He defendido desde muy joven, y así me lo han asegurado dos de las personas más importantes de mi vida (mi queridísima y añorada Myriam y Carlos, amante, marido, cómplice, amigo), que soy como un tío.

Si hago el análisis del porqué apelo a este rol propio de la valorada, y mal entendida, autoridad masculina, me doy cuenta de que, en esa reivindicación, planea desde siempre la arbitrariedad cotidiana que históricamente han sufrido las mujeres y también, en mi caso, de que he tenido la suerte (pura chiripa) de haber nacido en una familia privilegiada y matriarcal donde la voz y el voto eran paritarios.

Es verdad: soy como un tío y en ese ser y pensar como un tío las conversaciones en las que me interesa estar son aquellas en las que se debate, se opina y se discute de igual a igual sin concesiones ni condescendencia.

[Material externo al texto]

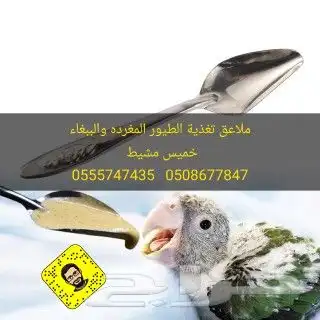 مستلزمات كروان روز بادجي كناري زيبرا 11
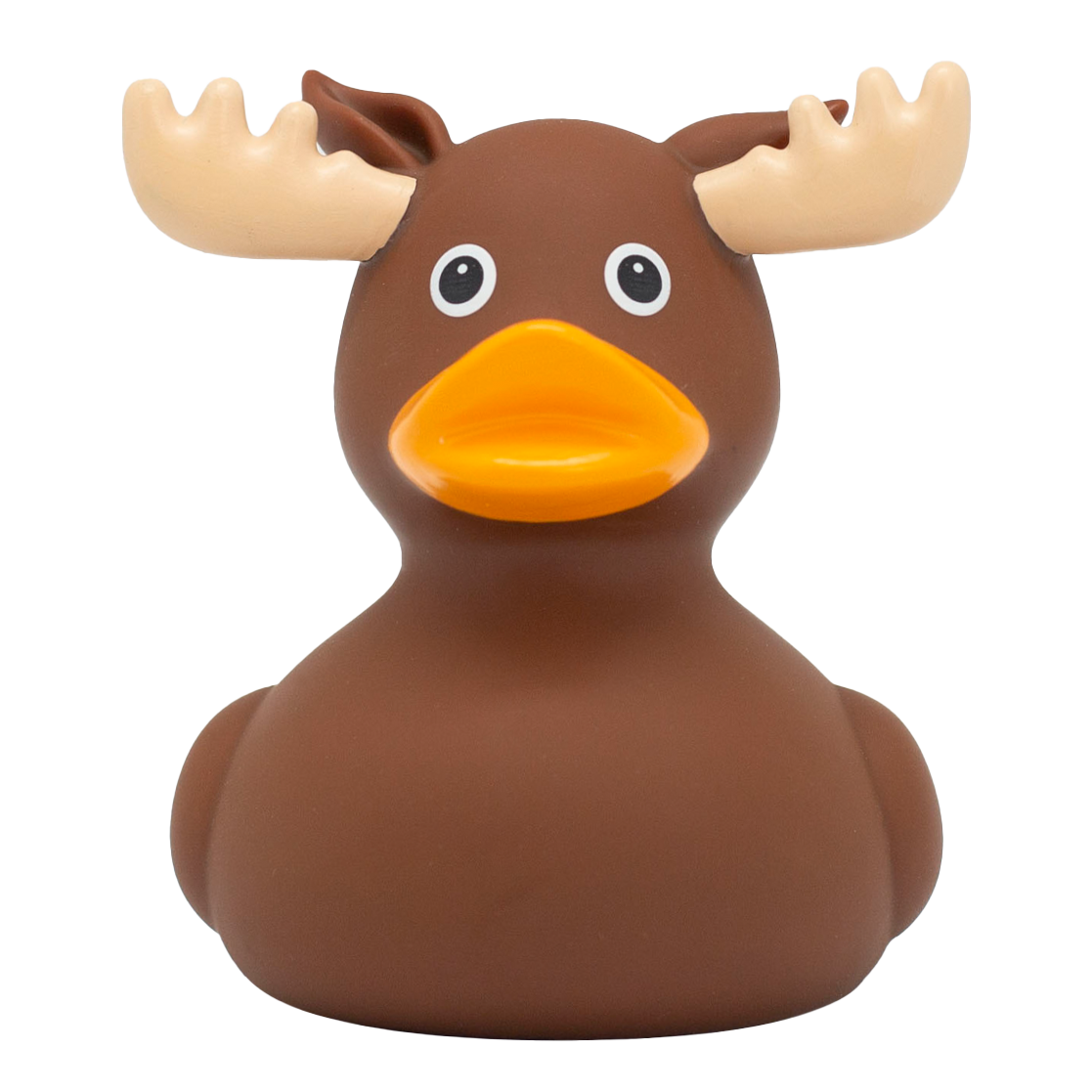 Duck Elk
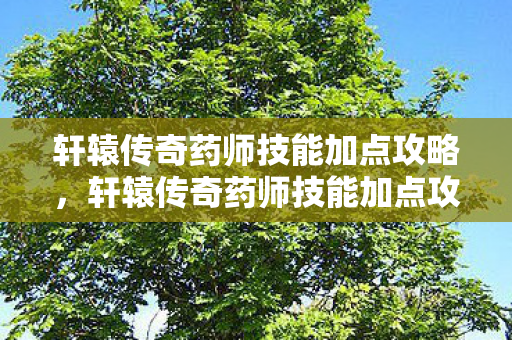 轩辕传奇药师技能加点攻略,轩辕传奇药师技能加点攻略 轩辕传奇药师技能加点攻略,轩辕传奇药师技能加点攻略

En tanto soy como un tío no permito que me coloquen en la parte de la mesa donde se da por supuesto que se tratarán temas menores y se adjudicará, por estos machirulos caducados, al rol femenino la concesión de aquello doméstico que no tenga trascendencia o interés. Soy como un tío porque en el amor y en el sexo no acepto sumisión alguna y porque tengo la misma potestad que cualquiera para decidir dónde ir, qué hacer o qué decir.

Pero, pensándolo en profundidad, reivindicar como algo positivo que soy como un tío está mal. Muy mal. Tiene una esencia tremendamente perversa porque, en el sustrato real, pervive la inmoralidad que ha representado la subordinación de la mujer en la vida pública y diaria de una sociedad que, aunque persista, ya está definitivamente caducada.

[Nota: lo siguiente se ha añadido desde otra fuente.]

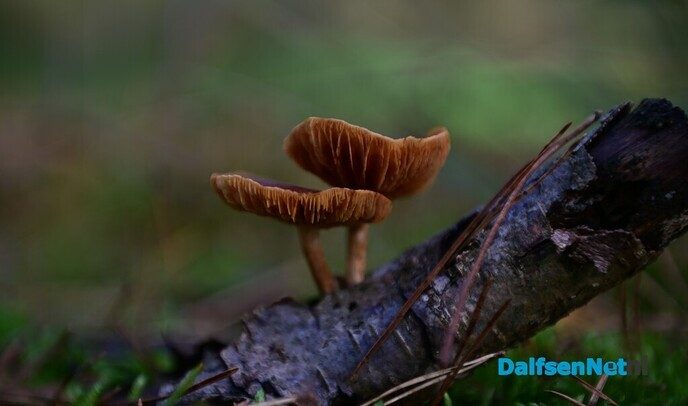 Wandeling over het Rechterense Veld - Foto: Johan Bokma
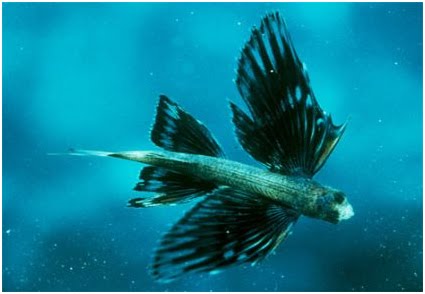 Ikan Terbang | Budidaya | Informasi Budidaya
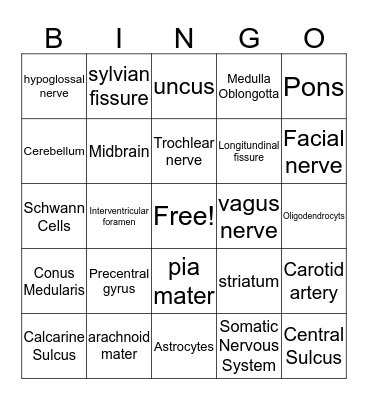 SPA 330 Chapter 4 Bingo Card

Jennifer Hermoso ha interpuesto una denuncia en la fiscalía por el beso de Rubiales. ¿Somos conscientes de que este debate sobre el consentimiento no hubiese existido si no hubiésemos visto, todos, ese abuso que muchos privadamente justifican?

La reacción social que ha implicado el visionado de ese pico es ejemplarizante. Ya nadie podrá relativizar públicamente la prepotencia, el abuso de poder y el estigma que significa pensar que tu pareja, tu hija, tu madre o tu compañera, solo por ser mujeres, están en un plano inferior.

El machismo que impone un tono de voz más alto por encima del otro para dejar claro que es el hombre quien manda está latente, es interiorizado con naturalidad, se da por supuesto, se normaliza y se blanquea por una ilícita e inaceptable tradición.

Y no es que de repente nos hayamos vuelto algunas o algunos más feministas que otros u otras, sencillamente es que la injusticia absolutamente reprobable de aquellos hombres que crecieron, se educaron y se relacionan cuestionando la igualdad ya no tiene cabida. Por fin los individuos que tengan o defiendan atisbos de conductas o actitudes machistas, y cuya opinión era válida hasta hace muy poco, verán que lo que piensen u opinen no nos interesa. Ya no valdrán sus reflexiones sobre el cambio climático, la justicia social, el futuro del país o la Rana Gustavo… Defender o actuar con actitudes machistas los habrá descalificado, desacreditado e inhabilitado como interlocutores para siempre.

Queridos señores, hombres sensatos e inteligentes que habéis sido capaces de tantas, tantísimas cosas, no queráis caer en el ostracismo personal y social: reinventaos y hacedlo sinceramente, con optimismo y, sobre todo, con generosidad. Las mujeres os lo pondremos, como siempre, muy fácil.